Single by Big Star

from the album #1 Record
- A-side: "When My Baby's Beside Me"
- Released: August 1972
- Recorded: Summer–Fall 1971,; Ardent Studios, Memphis;
- Genre: Power pop
- Length: 2:53
- Label: Ardent
- Songwriters: Chris Bell; Alex Chilton;
- Producer: John Fry

= In the Street (song) =

Song by Big Star released in 1972

"In the Street" is a song by the American rock band Big Star. It was written by Chris Bell and Alex Chilton. The song was featured on their 1972 debut album #1 Record. The song was the B-side of their first single, "When My Baby's Beside Me." Lead vocals on "In the Street" were handled by Chris Bell.
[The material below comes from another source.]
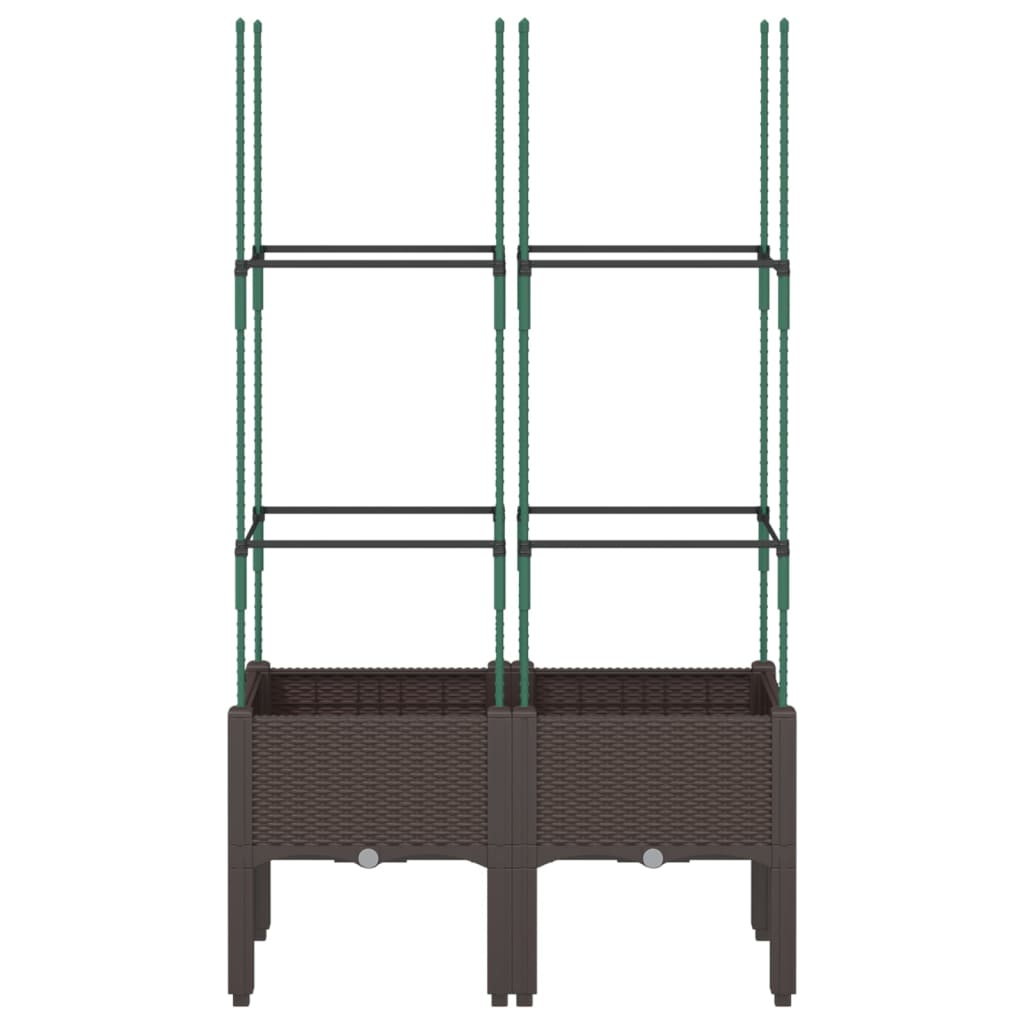 Vidaxx jardinière avec treillis 80x40x142,5 cm polypropylène marron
An altered cover version became the theme song of That '70s Show.

SingersRoom critic Simon Robinson rated it Big Star's 8th best song, praising the "catchy, upbeat melody that perfectly captures the sense of freedom and excitement that comes with youth and rebellion" and the "poetic and evocative" lyrics.
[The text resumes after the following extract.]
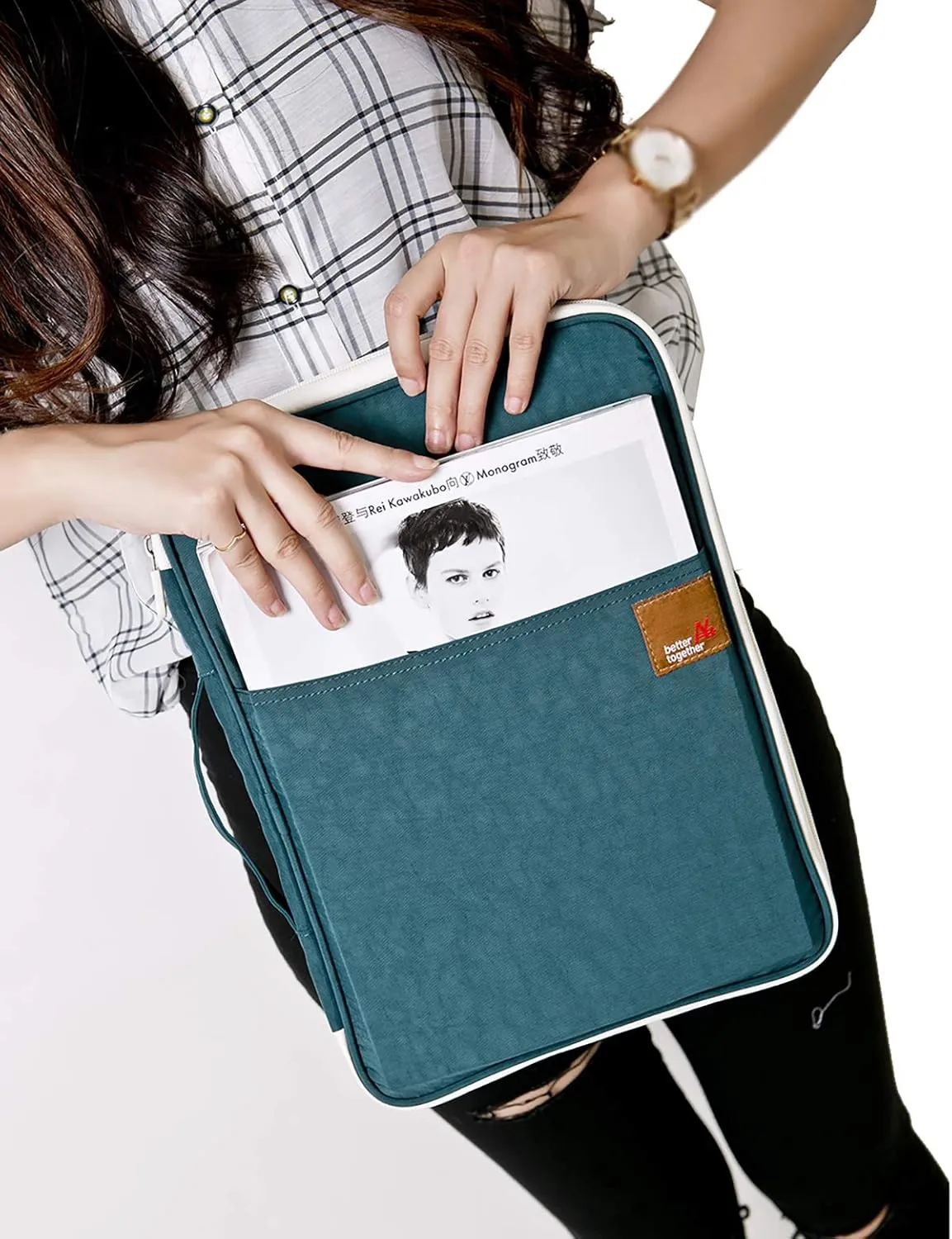 A4 Document Portable Organizer Bag Waterproof Portfolio Office Zipper Case for Travel Office Business Holiday Meeting Interview (Olive Green)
==Track listings and formats==
- 7" vinyl
1. "In the Street" – 2:55
2. "When My Baby's Beside Me" – 3:20

==Personnel ==

- Chris Bell - vocals, rhythm guitars
- Alex Chilton - lead guitars, vocals
- Andy Hummel - bass guitar, vocals
- Jody Stephens - drums, percussion, vocals

==Cover versions==
"In the Street" was recorded by Todd Griffin as "That '70s Song" with additional lyrics by Ben Vaughn as the theme song for the first season of That '70s Show. Another recording of "That '70s Song" by Cheap Trick was used as the theme in the later seasons and it was also performed by Brett Anderson in the sequel series That '90s Show. The Cheap Trick version was released on the That '70s Album soundtrack album and another version was released on their Authorized Greatest Hits compilation.